AT&T Plans Bond Sale to Help Refinance Its Debt Load
(Bloomberg) -- AT&T Inc. is starting to make good on its promise to tackle its $171 billion debt load.
The telecom carrier sold $5 billion of senior unsecured bonds in two parts to refinance outstanding debt, according to a person with knowledge of the matter. The largest non-financial issuer of corporate debt, AT&T has made debt reduction its “top priority” for this year. The proceeds of Wednesday’s sale, along with cash on hand, will go toward repaying some bonds issued by AT&T as well as subsidiaries of DirecTV, which AT&T bought in 2015 for $49 billion.

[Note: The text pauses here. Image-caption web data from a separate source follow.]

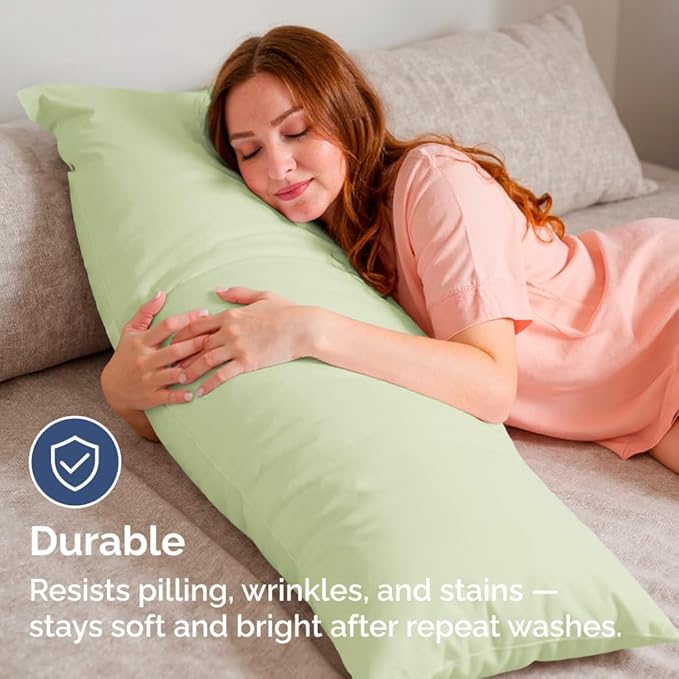 Body Pillowcases Set of 2-20x54 Long Body Pillow Case - Soft Body Pillow Cover for Sleeping & Side Sleepers - Comfy, Wrinkle & Fade Free - Machine Washable w/Envelope Enclosure Light Sage Green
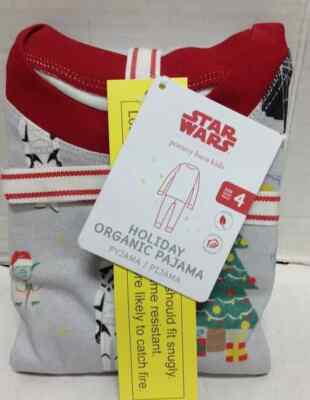 NEW Pottery Barn Kids Size 4 Star Wars Holiday Organic Pajama Set Darth Vader -image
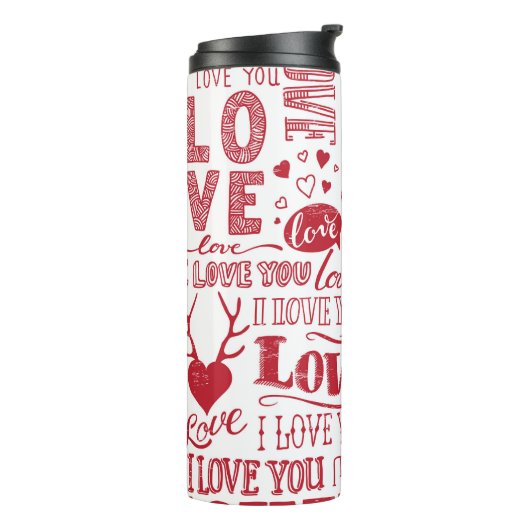 handgetekende liefdesdoodles  thermosbeker (Gedraaid links)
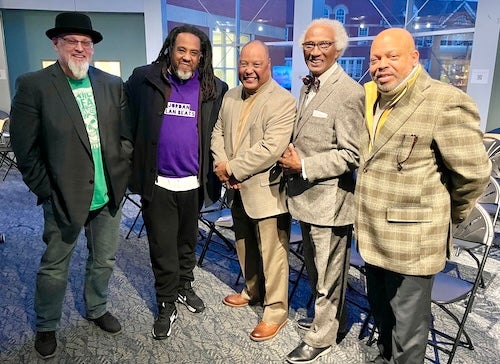 Photo:
    From left to right: Glenville State University Associate Professor Dr. Tim Konhaus; Eric Jordan, Program Director, WVU Center for Black Culture; Dr. Cicero Fain; Dr. Bill Turner; and Dr. Alan Letton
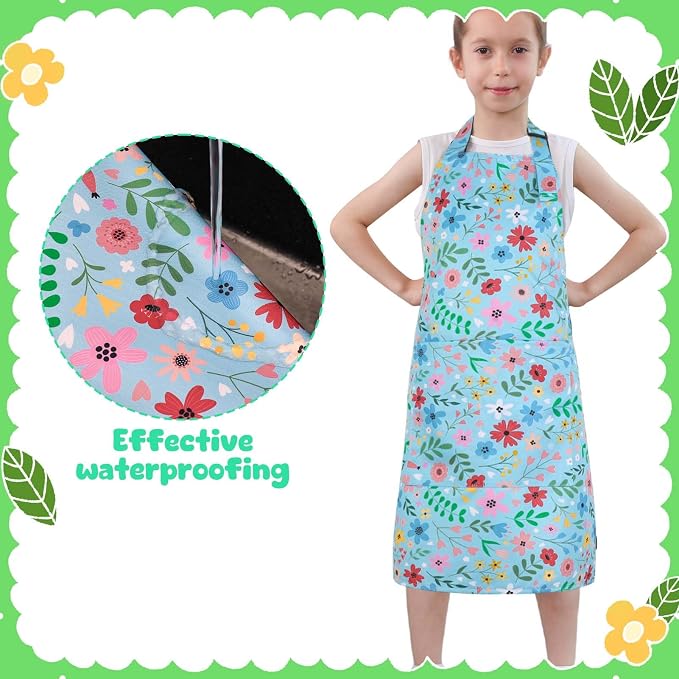 2 Pack Kids Apron, Cute Cooking Aprons, Waterproof Art Apron - Image 4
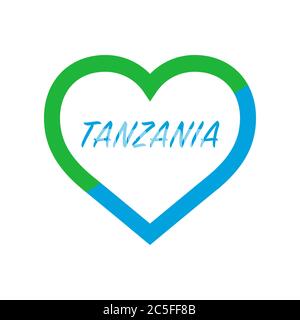 Tanzania flag in heart. I love my country. sign. Stock vector illustration isolated on white background. Stock Vector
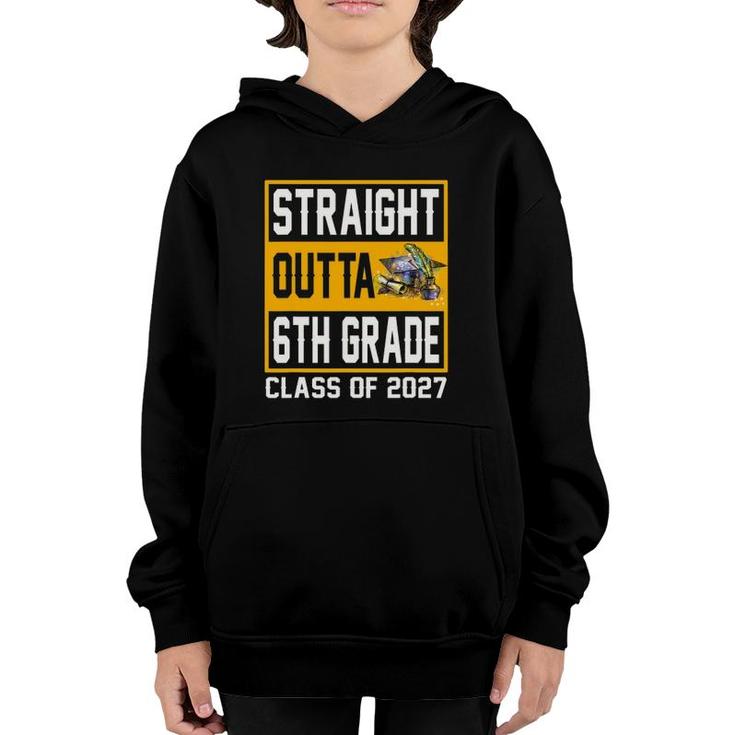 Straight Outta 6Th Grade Class Of 2027 Graduation Youth Hoodie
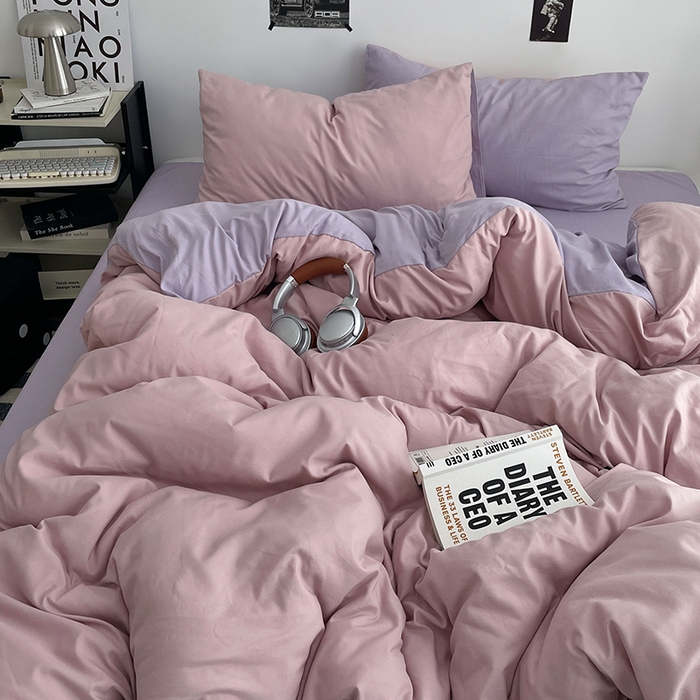 91家纺网 家纺一手货源 找家纺 贝拉梦家纺 2026新款无印风高克重加厚云感棉三件套四件套单被套系列 粉芋软酪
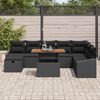 vidaXL Ensemble de canapé de jardin 9 pcs Noir polyrotin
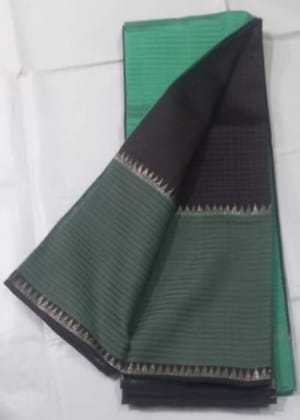  Green and Black Pure Handloom Kanchipuram Silk Saree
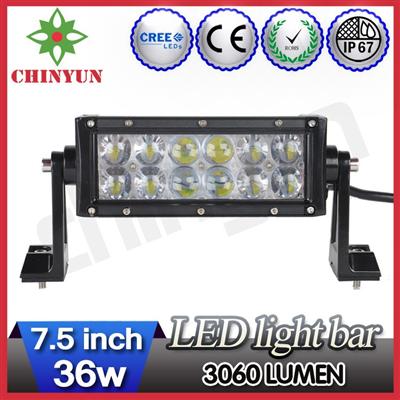 Factory direct, best price 7.5inch 36w jeep wrangler led light bar double row 12leds high bright truck light bar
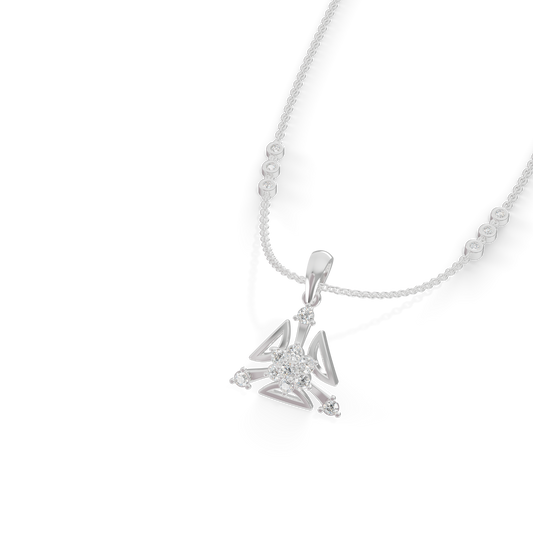 Guru Jewel's Three Petal Open Design Diamond Pendant for Her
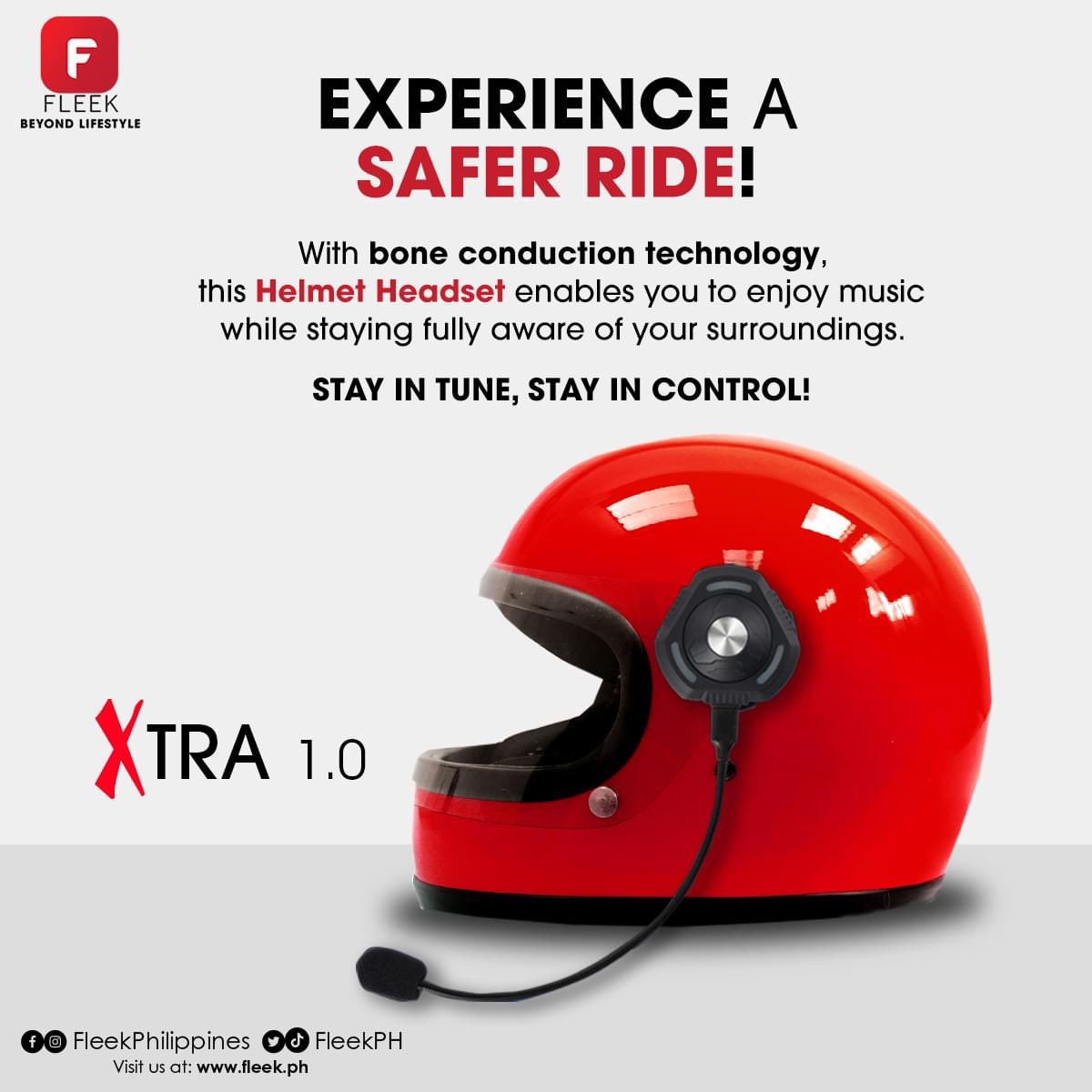FleekPH's tweet photo. Ride safer, ride smarter with FLEEK Xtra 1.0! Our revolutionary helmet headset is the ultimate companion for motorcyclists, featuring Bone Conduction technology that lets you enjoy music while staying fully aware of your surroundings. Stay connected, stay in control on the road. https://t.co/9JjCr927PN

Through its acquisition of DirecTV, and more recently its blockbuster buy of Time Warner Inc. for $85 billion last year, AT&T amassed a debt load as high as $180 billion. Though the company pledged to pay down debt with each deal, credit raters have expressed concern about the amount of debt relative to its earnings, a metric known as leverage. AT&T is rated two steps above speculative grade with a stable outlook by Moody’s Investors Service and S&P Global Ratings.
A representative for AT&T didn’t immediately respond to a request for comment.
That rating, squarely in the middle of the BBB rankings, is the lowest tier of investment-grade, where now half of the $5 trillion market resides. Many companies like Verizon Communications Inc. and Anheuser-Busch InBev NV have ended up there as well, also through by taking advantage of decade-long low interest rates to finance acquisitions at the expense of credit metrics.
This time around, they’re coming back to the capital markets for a different reason. AB InBev borrowed $15.5 billion last month in the year’s largest bond sale so far to refinance some of the debt it took on to buy SABMiller Plc in 2016. Verizon, which has been actively addressing its balance sheet since buying Vodafone Plc’s stake in Verizon Wireless in 2014, is in the process of exchanging upcoming bonds for $4 billion of new notes with longer maturities.
It all adds up to make 2019 the year of the “debt diet,” Peter Tchir, head of macro strategy at Academy Securities, said on Bloomberg TV this week.
“This is really a year that corporations are going to focus on their debt, and they’re going to remain conscious about how much debt they take on,” Tchir said. “We’re going to see companies focus on their balance sheet, and that will actually be good for stock prices. And that’s why they’re doing it.”
AT&T, like Verizon, is trying to address its near-term maturities in 2020 and 2021 with Wednesday’s bond sale, according to a filing Wednesday. The longest portion of the two-part offering, a 20-year security, will yield 2.2 percentage points above Treasuries, after initially discussing around 2.375 percentage points, said the person with knowledge of the matter, who asked not to be identified as the details are private.
Dallas-based AT&T has said it plans to pay down about $20 billion of debt this year through a combination of internally-generated free cash flow and asset sales. Given the company’s expectation to generate about $12 billion of cash after dividends, it’s unlikely AT&T will approach the debt markets again this year for refinancing purposes, Bloomberg Intelligence analyst Stephen Flynn said on Bloomberg Radio Wednesday.
BNP Paribas SA, Goldman Sachs Group Inc., Morgan Stanley and Wells Fargo & Co. managed the bond sale, according to the filing.